Short fiction from the author of The Wolf Border (2015), shortlisted for the Man Booker Prize.

In this diverse collection of stories, Hall depicts ordinary people confronting extreme circumstances. In “Case Study 2,” a social worker’s own inability to have a child complicates her attempts to help a boy rescued from a bizarre commune. A young woman’s fear of heights gives her new insights into an unfortunate relationship in “Wilderness.” When the title character in “Evie” develops an insatiable need for sweets, alcohol, and sex, her husband has to decide whether this is the end of their rather boring marriage or its salvation. A few stories are explicitly dystopian. “Later His Ghost,” for example, is set in a world decimated by extreme weather. “One in Four” is a brief, epistolary piece about a pandemic, and “Theatre 6” is a chilling—and timely—depiction of a society in which saving the life of a pregnant woman in distress can be dangerous. These stories showcase Hall’s thematic ambition and formal skill.
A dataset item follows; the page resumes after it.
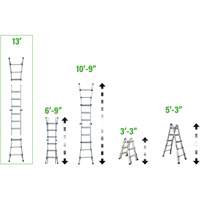 Telescoping Multi-Position Ladder, 2.916' - 9.75', Aluminum, 300 lbs., CSA Grade 1A Seaboard Timber Mart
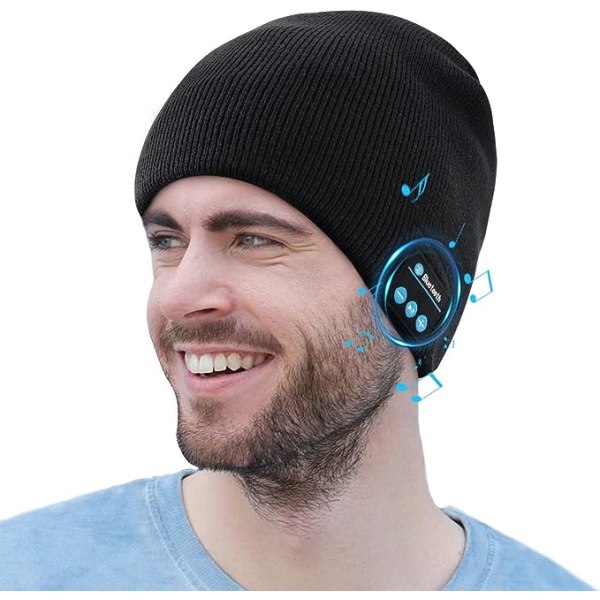 Bluetooth 5.0 trådløse hodetelefoner strikke lue for vinter holder varmen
She’s adept at matching voice to narrative, and her language is inventive and expressive without being a distraction; more often than not, she finds just the right words for entirely unfamiliar situations. All the author’s strengths are evident in “Mrs. Fox”—an award-winning story and the best in this volume—in which a woman called Sophia turns into a canid. The fact that Hall offers no naturalistic reason or magical explanation for this metamorphosis is intensely satisfying. It’s a pleasure to be transported to a world where this sort of thing just happens, and watching as Sophia’s husband adjusts to this new reality suggests that we already live in a world where, maybe, this sort of thing just happens. Readers familiar with Angela Carter’s work might recognize this as a contemporary, suburban “The Tiger’s Bride.”

Hall finds the weirdness in everyday life and makes the strange feel quotidian.